Image by Lindsay Fox/Victor Tangermann

Remember vape lung? Or, as doctors and health officials ended up calling it, EVALI?

University of North Carolina School of Medicine otolaryngologist Willard Harrill does, and he's actually found parallels between last year's vape lung epidemic and the ongoing coronavirus pandemic that has much of the U.S. on lockdown.

"Faced with the evolving COVID‐19 pandemic," Harrill wrote in an editorial published in the journal Laryngoscope Investigative Otolaryngology on Monday, "it is easy to forget last year's very relevant epidemic of e‐cigarette, or vaping, product use‐associated lung injury (EVALI)."

In his editorial, Harrill showed that heatmaps of the U.S. showing EVALI cases and fatalities and COVID-19 cases by state are highly similar. Both presented hotspots in California, Texas, Florida, New York, and Illinois.

But more notable, Harrill writes, is how the ongoing pandemic could cause a new surge in vaping and smoking.
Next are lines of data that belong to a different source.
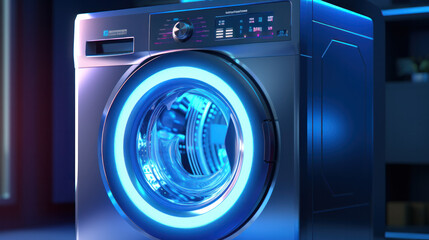 Modern washing machine with laundry, closeup digital control display - obrazy, fototapety, plakaty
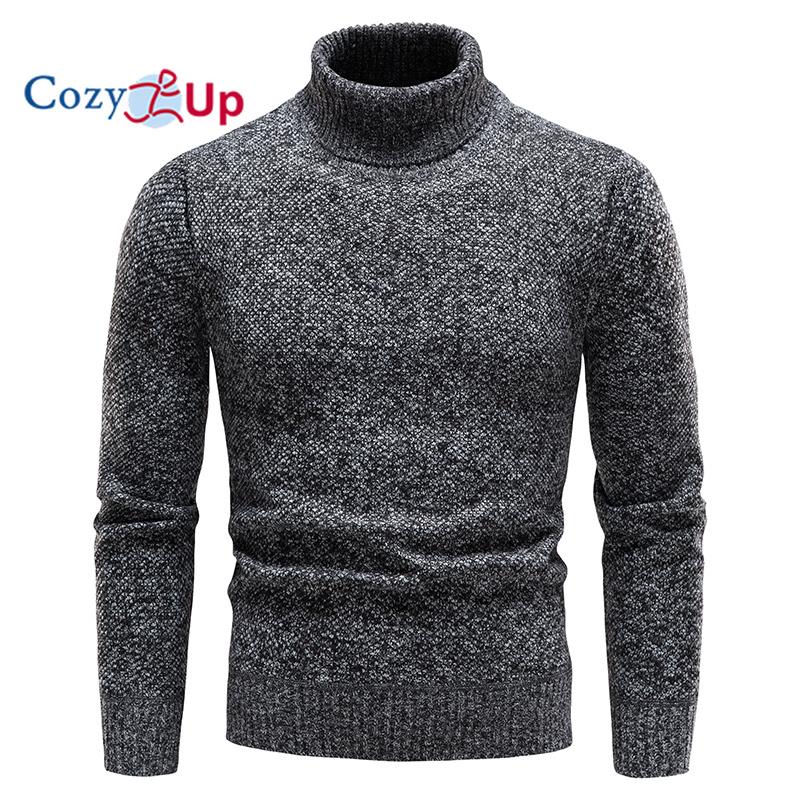 Cozy Up Men's Autumn and Winter Solid Thickened and Padded High-Collar Sweater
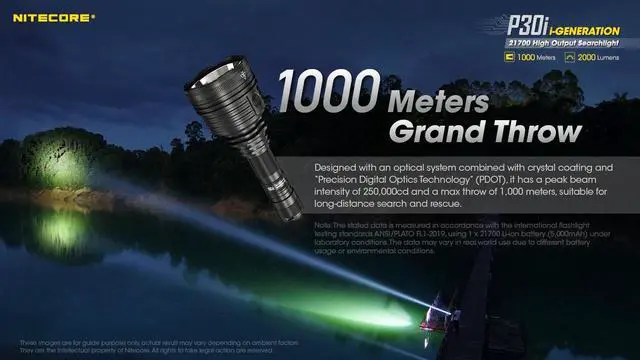 Alt view image 2 of 6 - Nitecore P30i 2000 Lumen 1093 Yard Long Throw Flashlight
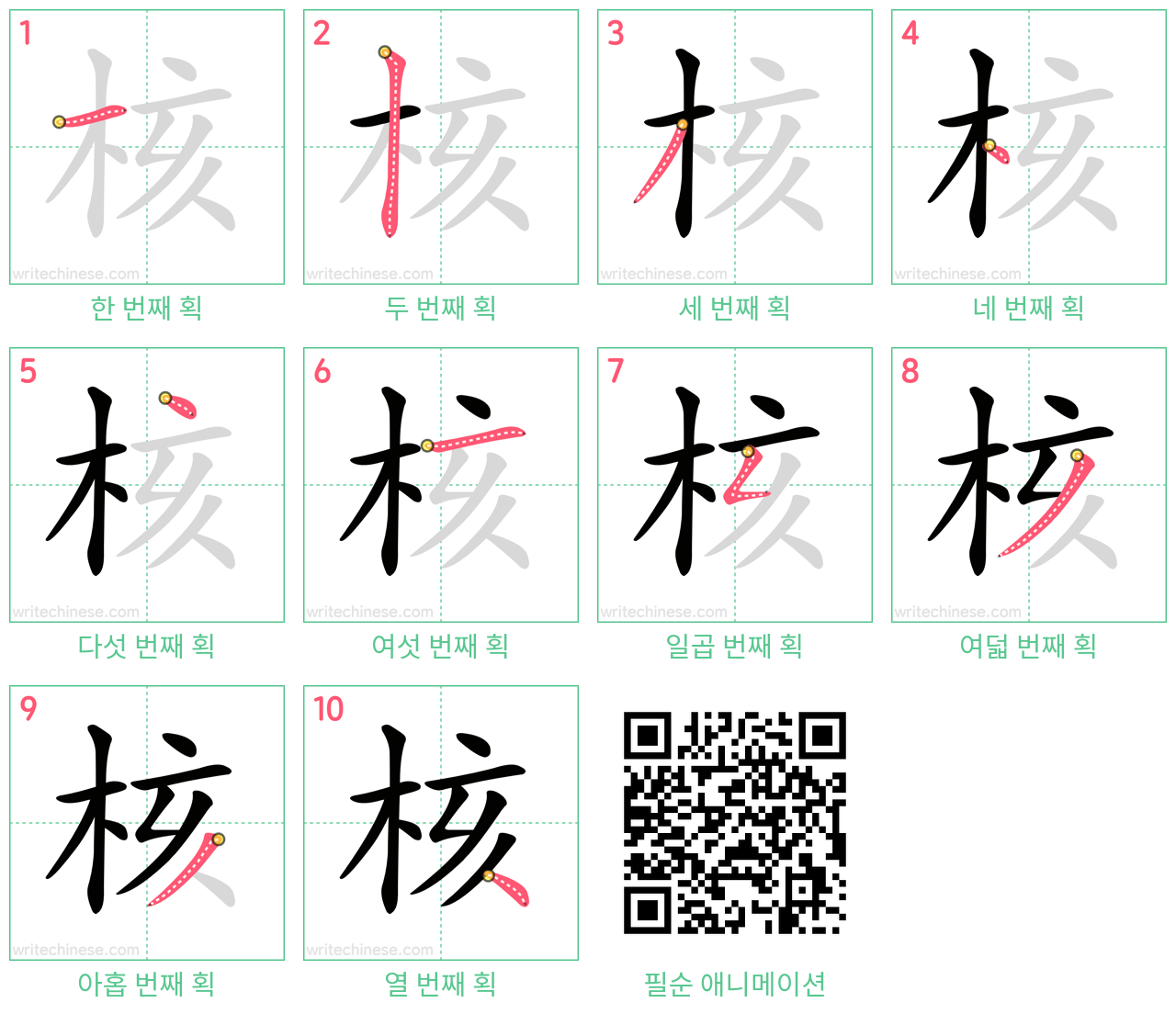 核 step-by-step stroke order diagrams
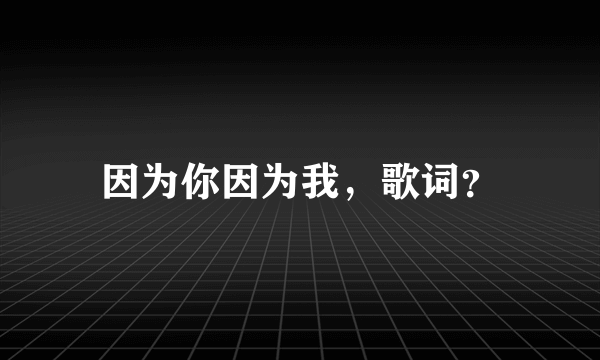 因为你因为我，歌词？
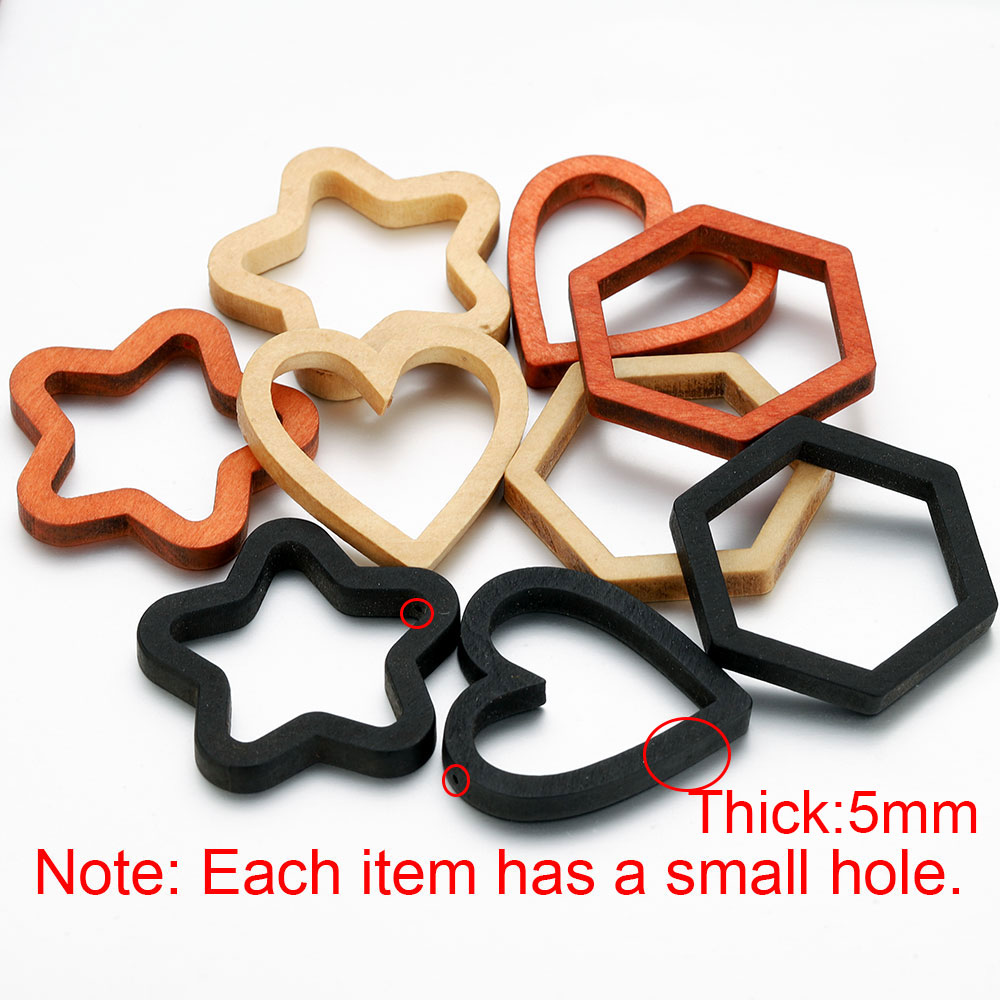 10pcs Wood Heart Square Silico - Resin Crafts review and price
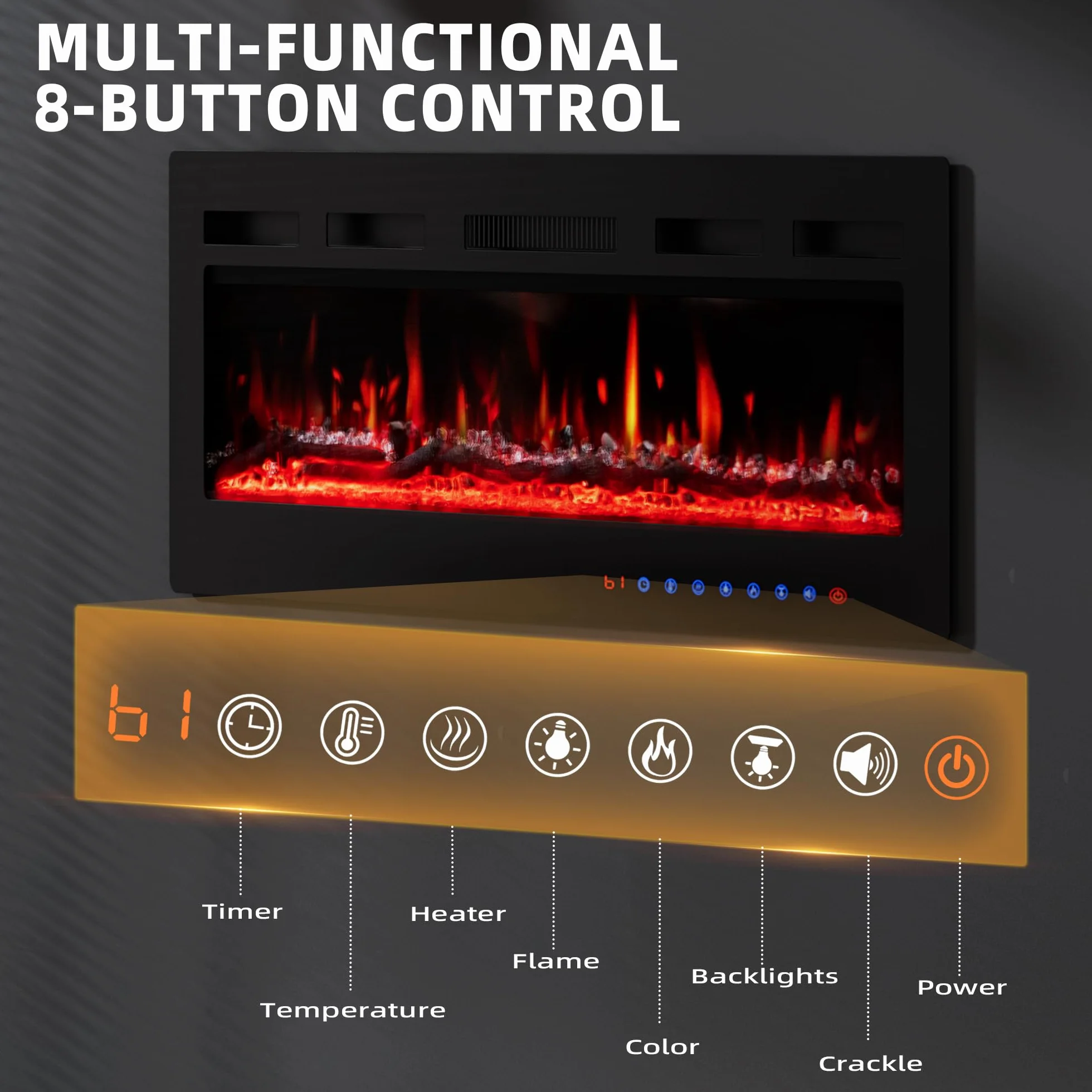 Cheminée Électrique 36" 92cm 900W 1800W Flammes 12 Couleurs Thermostat Précis 15-30°C Écran Tactile Télécommande
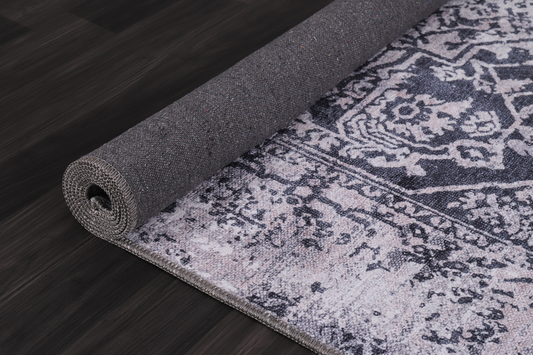 Rugs Depot Traditional Blue Abstract Washable Rug Design 1338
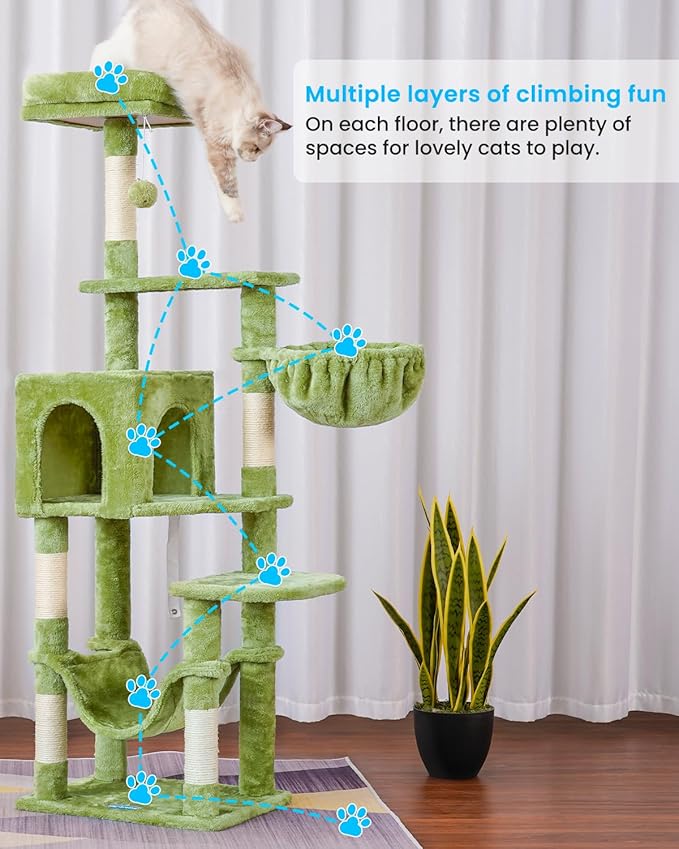 Hey-brother Cat Tree with Large Hammock, Multi-Level Cat Tower for Indoor Cats, Cat Condo with Sisal-Covered Scratching Posts and Top Perch, Green MPJ050GR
As people turn to vices like nicotine and weed to cope with the stress of the coronavirus, Harrill predicts a new spike in adolescent vaping, which would put those people at even greater risk of having a more severe case of COVID-19 than they would otherwise.

"Within public health prism, pulmonary inflammation resulting from vaping/ENDS use within the adolescent and millennial populations significantly raises the COVID‐19 pulmonary morbidity within what should be the healthiest COVID‐19 risk groups," Harrill writes.